因みに神崎は先生にこってりと絞られているらしい。後で聞いた話だが先生は昔レスリングのアマチュアチャンピオンだったとか…。
「戻ってもどうせ自習だろうし、クラスのヤツらに色々聞かれるのがオチだ。そんな面倒臭い事になるならここで昼休みになるまでのんびりしてた方がいいだろ?」
「いいのかなぁ?」
「高町、こういうのは深く考えたら負けだ」
にしても何するか…昼休みになるまであと1時間はあるぞ。
「うーん、じゃあロクトくん。お話しよ!」
「断る!」
「何でなの!?」
「誰が好き好んで自分からO☆HA☆NA☆SIを喰らいに行くか!」
「うん?何か発音がおかしくない?」
どうやらなのはが言っていたお話は普通にお話だったらしく、俺が想像していたO☆HA☆NA☆SIとは違ったようだ。

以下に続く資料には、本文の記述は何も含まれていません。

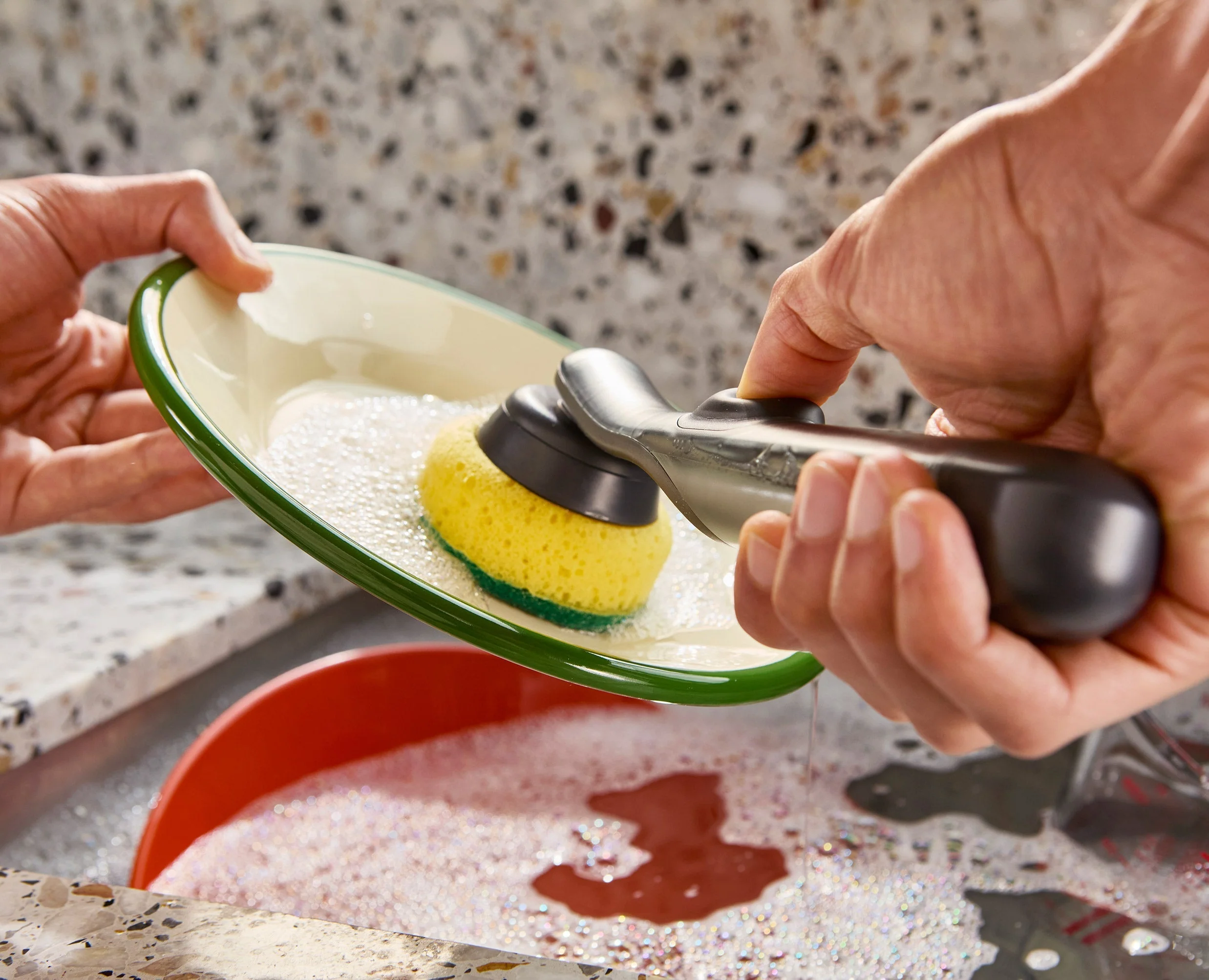 SinkTech™ Soap Dispensing Dish Brush with Replacement Head & Extra Heads - Image 2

「ねぇねぇロクトくん、今度うちに来ない?私のお父さんとお母さんが開いているお店があるんだけどお料理もスイーツもとっても美味しいんだよ」
「翠屋だろ?知ってるよ」
「えぇーー!?何で知ってるの!?」
「何でって言っても…俺、翠屋の常連だし。ついでに言うと士郎さんや桃子さんとも仲良くさせて貰ってるし、恭弥さんや美由希さんには偶に剣の稽古をつけてもらった事もあるからな?」
「そ、そんな…因みにどれくらいから通ってたの?」
「ざっと3年だな。小二くらいの頃からだ」
「しょ、小二…なのに家族で私だけ知らなかった…」
「まぁ俺も高町を見た時は驚いたけどな。まさか高町が士郎さん達が言ってた子供だとは思わなかったし」
本当は知ってたけどな。
なのはとの話題は尽きず、気づけば30分近く話していた。ひとしきり喋ると、なのはは何やら言いづらそうに口を開いたり閉めたりしていた。
「どうかしたか?」
「……あの、ロクトくんってさ…魔法とか、信じる?」
これは…御林の言葉を聞いて俺が魔導師かどうか疑っているみたいだな。
「魔法、ね。ゲームやマンガでよく聞く言葉だな」
「うん。それって実際にあると思う?」
「…………」
さて、これは何と答えるのが正解だろうか。下手に答えると最悪、管理局に連れていかれるかもしれない。
「そうだな…あるんじゃないか?世界は広いしな」
「そ、そう?」
「ああ、だって日本だって呪いや、占星術とかがあったんだぞ?だったら魔法があっても不思議ではないだろ。ま、俺は魔法使いなんか見た事ないけどな」
「そ、そうなんだ〜」
…おいおいなのはさんや、その反応は「え?もしかしてお前魔法使いなの?」って聞かれてもおかしくない反応だぞ。
「おっ、そろそろチャイムなるな。行くか」
「えっ?あっ、本当だ」
俺が立ち上がるとなのはも立ち上がり、俺達は保健室をでる。
さーて、なのはの問題はクリアしたが次の問題ははやてだな……図書館の事はバラしてもいいが、御林に俺が転生者だと言うことはバレてはならない……さて、どうするか…。